If your 11-year-old son’s piggy bank is empty but he smells like he just stepped out of a resort spa, be afraid.

Be very afraid.

Your lad just might be a soldier in the growing army of olfactory warriors taking orders from — or at least, following the highly scented leads of — TikTok influencers. 

Just follow your sniffer and check Joey’s, Johnny’s or Davey’s online history. There’s a good chance that you’ll discover your son has cached half a dozen bottles of expensive men’s cologne — we’re talking $100 a bitty bottle and up — and that your quest will end in the shady domain of TikTok.

And here all of us older, boring-smelling citizens have been fretting over TikTok influencing American elections while gathering enough personal information to blackmail the masses and cause every computer cloud to burst. To our embarrassment, we find that their insidious plot all along has been not to take over the world, but to enrich cologne manufacturers and make millionaires of young masculinely scented males who star on the TikTok platform.

While this editorial should be taken for what it is — mildly satirical, though the nose plugs are no laughing matter — what’s happening to a generation of young males does illustrate how powerful certain forms of social media can be.

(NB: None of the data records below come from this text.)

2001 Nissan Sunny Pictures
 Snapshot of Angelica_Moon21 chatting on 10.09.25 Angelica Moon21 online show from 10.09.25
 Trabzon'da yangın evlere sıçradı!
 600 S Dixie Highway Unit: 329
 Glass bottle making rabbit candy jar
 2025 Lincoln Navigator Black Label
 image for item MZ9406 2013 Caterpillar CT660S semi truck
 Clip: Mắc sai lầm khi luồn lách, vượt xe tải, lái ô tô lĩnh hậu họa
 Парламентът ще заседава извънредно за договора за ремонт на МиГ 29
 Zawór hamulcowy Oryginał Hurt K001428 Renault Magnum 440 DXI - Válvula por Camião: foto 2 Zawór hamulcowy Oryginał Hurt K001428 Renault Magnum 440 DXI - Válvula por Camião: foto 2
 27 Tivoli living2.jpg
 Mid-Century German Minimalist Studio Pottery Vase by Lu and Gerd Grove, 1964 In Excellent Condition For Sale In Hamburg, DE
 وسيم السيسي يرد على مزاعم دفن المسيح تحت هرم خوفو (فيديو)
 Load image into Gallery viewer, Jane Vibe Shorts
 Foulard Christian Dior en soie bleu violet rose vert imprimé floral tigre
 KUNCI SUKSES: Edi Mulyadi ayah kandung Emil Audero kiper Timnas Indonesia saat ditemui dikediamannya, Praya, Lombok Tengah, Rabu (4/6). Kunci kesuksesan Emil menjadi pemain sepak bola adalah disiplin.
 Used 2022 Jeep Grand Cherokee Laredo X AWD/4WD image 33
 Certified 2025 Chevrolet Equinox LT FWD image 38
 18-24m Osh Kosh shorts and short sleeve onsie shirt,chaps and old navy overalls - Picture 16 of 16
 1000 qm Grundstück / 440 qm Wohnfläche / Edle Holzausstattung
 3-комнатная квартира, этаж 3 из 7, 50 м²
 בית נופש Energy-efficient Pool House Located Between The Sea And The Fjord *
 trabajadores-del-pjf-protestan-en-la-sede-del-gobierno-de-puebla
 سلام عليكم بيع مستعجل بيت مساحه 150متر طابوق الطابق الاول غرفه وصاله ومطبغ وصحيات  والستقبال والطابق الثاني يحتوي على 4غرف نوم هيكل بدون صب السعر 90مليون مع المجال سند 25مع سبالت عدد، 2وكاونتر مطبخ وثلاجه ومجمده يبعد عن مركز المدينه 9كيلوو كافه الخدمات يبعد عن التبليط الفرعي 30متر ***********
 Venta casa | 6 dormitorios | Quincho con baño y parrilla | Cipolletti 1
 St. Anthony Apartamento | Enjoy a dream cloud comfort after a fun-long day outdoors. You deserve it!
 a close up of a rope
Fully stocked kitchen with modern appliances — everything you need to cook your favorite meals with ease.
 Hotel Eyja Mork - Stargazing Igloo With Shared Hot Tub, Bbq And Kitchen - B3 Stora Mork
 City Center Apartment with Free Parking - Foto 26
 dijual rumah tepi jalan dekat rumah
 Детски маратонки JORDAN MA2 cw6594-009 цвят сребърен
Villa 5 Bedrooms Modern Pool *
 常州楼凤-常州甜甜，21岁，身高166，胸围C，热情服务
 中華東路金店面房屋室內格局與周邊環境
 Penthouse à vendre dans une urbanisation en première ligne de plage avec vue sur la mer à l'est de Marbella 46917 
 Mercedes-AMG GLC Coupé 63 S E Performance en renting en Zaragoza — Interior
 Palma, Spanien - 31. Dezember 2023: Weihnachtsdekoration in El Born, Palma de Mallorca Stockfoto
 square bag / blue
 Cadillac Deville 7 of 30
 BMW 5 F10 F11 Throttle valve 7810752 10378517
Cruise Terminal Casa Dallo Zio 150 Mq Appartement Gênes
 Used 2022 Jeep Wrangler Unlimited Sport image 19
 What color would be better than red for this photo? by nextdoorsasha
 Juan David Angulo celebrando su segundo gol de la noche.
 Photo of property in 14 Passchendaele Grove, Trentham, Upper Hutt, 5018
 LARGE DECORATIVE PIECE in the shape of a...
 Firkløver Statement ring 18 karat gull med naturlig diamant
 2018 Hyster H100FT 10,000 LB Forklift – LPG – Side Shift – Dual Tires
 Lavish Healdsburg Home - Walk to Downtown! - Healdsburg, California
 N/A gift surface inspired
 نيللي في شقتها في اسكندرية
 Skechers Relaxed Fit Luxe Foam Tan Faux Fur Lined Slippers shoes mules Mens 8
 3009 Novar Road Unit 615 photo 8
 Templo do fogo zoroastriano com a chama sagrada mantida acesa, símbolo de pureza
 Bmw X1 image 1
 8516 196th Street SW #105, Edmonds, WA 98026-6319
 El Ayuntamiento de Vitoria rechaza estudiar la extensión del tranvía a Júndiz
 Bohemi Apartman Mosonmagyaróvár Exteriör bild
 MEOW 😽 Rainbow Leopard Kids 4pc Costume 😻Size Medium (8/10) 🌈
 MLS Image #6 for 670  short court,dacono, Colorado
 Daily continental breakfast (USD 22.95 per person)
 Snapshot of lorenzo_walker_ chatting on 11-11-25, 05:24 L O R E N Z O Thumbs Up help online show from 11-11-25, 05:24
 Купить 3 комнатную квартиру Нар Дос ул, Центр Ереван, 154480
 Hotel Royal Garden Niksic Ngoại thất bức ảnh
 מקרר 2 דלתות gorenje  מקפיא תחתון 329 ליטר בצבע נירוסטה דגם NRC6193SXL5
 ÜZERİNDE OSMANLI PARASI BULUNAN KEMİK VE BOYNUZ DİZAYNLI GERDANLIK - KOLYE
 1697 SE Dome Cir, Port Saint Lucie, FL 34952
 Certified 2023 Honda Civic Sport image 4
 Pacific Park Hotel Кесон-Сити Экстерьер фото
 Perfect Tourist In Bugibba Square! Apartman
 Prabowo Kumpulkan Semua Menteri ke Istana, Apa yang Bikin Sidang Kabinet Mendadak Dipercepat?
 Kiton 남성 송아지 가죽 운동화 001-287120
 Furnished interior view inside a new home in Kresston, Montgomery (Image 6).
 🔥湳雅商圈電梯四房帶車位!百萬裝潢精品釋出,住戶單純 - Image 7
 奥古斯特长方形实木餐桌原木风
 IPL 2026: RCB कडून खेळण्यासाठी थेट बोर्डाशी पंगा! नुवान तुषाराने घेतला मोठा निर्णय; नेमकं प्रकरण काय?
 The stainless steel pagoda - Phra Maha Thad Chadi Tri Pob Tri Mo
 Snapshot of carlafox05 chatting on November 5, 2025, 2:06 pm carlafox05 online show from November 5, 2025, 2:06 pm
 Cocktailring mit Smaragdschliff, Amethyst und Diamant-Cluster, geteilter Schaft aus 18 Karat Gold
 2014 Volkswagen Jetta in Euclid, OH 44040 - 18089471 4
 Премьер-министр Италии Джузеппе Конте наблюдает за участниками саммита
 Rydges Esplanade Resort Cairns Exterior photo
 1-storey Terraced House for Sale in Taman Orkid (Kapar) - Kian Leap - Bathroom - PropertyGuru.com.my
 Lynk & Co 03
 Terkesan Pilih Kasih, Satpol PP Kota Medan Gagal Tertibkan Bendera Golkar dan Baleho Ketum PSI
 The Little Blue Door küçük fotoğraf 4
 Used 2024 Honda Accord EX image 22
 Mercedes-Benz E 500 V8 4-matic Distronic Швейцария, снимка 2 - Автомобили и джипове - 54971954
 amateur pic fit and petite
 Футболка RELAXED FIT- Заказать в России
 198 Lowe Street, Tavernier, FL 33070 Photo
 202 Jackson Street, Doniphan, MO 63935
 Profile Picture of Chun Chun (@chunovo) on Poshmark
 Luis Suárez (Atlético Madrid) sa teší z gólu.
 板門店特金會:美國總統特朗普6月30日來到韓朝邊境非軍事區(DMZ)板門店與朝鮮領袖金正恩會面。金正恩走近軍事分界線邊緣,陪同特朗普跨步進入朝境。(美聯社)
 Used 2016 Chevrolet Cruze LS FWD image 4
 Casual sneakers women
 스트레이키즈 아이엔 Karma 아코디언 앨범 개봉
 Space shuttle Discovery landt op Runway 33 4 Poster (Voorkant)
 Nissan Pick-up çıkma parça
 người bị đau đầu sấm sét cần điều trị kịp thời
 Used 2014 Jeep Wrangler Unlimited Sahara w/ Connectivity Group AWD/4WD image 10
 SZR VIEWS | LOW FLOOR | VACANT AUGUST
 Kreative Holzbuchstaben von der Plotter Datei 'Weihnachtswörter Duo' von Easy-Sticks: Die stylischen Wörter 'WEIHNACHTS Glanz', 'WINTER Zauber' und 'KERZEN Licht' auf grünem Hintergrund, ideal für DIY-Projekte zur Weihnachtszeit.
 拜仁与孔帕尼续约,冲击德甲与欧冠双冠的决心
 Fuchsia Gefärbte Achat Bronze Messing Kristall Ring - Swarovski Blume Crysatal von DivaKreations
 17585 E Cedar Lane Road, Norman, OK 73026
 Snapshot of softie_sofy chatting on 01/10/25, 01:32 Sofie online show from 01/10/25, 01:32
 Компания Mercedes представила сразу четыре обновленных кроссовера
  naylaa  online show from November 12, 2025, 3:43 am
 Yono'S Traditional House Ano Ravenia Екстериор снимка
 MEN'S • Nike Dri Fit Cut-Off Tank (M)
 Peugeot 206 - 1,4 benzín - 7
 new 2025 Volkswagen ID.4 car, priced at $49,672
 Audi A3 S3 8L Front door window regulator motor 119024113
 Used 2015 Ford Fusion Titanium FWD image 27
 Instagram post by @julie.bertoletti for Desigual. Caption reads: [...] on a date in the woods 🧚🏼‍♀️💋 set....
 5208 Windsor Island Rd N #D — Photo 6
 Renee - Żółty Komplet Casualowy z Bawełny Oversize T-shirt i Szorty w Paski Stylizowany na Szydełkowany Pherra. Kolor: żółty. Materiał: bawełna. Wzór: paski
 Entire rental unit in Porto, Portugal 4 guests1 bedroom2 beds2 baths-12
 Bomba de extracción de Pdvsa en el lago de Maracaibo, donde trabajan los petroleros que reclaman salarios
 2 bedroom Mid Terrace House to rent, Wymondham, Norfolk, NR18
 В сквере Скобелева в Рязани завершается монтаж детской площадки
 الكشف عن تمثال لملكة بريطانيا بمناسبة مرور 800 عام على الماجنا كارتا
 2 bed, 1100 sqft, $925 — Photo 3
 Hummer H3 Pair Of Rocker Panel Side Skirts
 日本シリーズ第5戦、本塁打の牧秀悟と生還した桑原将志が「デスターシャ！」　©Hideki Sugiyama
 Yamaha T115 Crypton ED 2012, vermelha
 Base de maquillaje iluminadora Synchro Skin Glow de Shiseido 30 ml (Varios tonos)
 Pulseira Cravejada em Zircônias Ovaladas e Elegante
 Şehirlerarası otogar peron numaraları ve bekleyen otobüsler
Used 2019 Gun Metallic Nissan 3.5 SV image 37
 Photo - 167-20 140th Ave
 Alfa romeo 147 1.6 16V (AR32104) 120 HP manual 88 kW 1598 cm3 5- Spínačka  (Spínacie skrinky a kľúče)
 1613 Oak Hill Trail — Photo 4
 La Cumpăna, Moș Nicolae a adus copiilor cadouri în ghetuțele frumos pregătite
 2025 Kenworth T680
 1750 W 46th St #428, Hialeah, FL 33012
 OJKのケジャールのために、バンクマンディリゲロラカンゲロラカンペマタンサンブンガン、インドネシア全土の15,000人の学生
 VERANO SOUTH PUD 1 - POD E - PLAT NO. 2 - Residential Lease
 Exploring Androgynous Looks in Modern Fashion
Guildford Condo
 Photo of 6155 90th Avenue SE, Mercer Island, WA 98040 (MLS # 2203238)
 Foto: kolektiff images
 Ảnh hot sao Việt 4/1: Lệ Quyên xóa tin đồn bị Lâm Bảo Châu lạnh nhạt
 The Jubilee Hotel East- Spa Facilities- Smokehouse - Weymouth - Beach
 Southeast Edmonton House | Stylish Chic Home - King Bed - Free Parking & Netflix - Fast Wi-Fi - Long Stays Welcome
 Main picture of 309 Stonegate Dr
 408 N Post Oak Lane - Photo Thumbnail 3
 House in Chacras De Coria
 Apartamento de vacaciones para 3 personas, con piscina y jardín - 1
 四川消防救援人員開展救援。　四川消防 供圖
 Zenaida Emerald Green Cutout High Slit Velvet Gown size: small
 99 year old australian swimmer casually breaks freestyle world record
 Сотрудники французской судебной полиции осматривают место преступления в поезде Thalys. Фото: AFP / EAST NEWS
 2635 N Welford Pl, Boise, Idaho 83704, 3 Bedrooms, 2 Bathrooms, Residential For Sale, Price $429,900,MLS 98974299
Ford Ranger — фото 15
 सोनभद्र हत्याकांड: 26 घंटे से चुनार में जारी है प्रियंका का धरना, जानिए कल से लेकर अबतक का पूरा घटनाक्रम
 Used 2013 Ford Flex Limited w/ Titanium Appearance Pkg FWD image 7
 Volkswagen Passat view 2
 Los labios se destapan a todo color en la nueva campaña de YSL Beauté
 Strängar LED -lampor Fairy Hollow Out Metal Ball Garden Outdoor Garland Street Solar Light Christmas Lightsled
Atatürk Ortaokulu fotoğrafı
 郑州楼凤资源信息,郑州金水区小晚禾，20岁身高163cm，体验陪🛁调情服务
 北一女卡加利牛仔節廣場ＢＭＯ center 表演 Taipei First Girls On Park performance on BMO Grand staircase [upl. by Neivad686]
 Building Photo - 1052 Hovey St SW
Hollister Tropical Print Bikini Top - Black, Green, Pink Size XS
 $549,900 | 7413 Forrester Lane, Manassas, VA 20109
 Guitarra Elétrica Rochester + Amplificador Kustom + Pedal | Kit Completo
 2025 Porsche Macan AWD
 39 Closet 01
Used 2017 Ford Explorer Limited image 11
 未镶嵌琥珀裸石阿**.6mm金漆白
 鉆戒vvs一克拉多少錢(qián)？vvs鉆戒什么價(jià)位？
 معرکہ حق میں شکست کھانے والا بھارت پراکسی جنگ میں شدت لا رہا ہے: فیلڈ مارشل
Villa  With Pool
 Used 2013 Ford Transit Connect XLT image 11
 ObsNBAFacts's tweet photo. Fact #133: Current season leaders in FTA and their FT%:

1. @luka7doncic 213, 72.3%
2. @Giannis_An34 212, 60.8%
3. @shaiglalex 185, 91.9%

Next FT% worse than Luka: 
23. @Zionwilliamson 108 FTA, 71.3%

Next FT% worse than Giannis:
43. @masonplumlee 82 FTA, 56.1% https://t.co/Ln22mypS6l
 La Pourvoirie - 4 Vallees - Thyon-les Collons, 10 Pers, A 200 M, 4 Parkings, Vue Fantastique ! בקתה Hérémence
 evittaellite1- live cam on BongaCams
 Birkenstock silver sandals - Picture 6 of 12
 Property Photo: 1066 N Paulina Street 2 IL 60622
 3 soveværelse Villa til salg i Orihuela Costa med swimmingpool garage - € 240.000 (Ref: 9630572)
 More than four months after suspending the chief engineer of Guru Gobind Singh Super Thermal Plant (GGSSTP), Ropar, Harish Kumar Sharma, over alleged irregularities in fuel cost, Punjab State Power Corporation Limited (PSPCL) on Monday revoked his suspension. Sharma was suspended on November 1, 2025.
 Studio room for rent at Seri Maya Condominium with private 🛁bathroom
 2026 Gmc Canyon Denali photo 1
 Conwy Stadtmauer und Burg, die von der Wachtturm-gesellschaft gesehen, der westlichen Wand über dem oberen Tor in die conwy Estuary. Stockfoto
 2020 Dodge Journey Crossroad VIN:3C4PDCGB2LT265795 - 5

According to a superb article recently in The New York Times, boys across the country are investing heavily in “smellmaxxing,” which is exactly what it smells like. Er, sounds like.

“I don’t think I’ve ever smelled Axe,” a 14-year-old boy in Chicago told reporter Callie Holtermann. The kid considers his stash of Tom Ford’s Tobacco Vanille — which goes for nearly $300 per bottle — his signature scent.

The trend does have its humorous aspects. Some of the boys Holtermann interviewed use phrases like “a really good honey note” and “a lot spicier and a little bit darker” to describe some of these costly colognes. 

And yes, the sellers who are waking up to the fact that teen boys’ spending on fragrance has increased 26 percent since last spring are laughing all the way to the bank.

But what does it mean?

For those of us who grew up spending our allowance and odd-job nickels and dimes on comic books and baseball cards, this latest phenomenon is simply a mind blower. Maybe it’s not absolute proof that the end is near, but it smells suspiciously like a damning legal exhibit in the case exposing humankind’s misplaced priorities and marketing manipulability. 

A middle-school PE teacher in South Carolina speaks for many of us dinosaurs when she shakes her head at 11-year-old students toting $160 bottles of cologne in their backpacks.

“Sometimes,” she told the Times reporter, “I’d rather take the B.O.”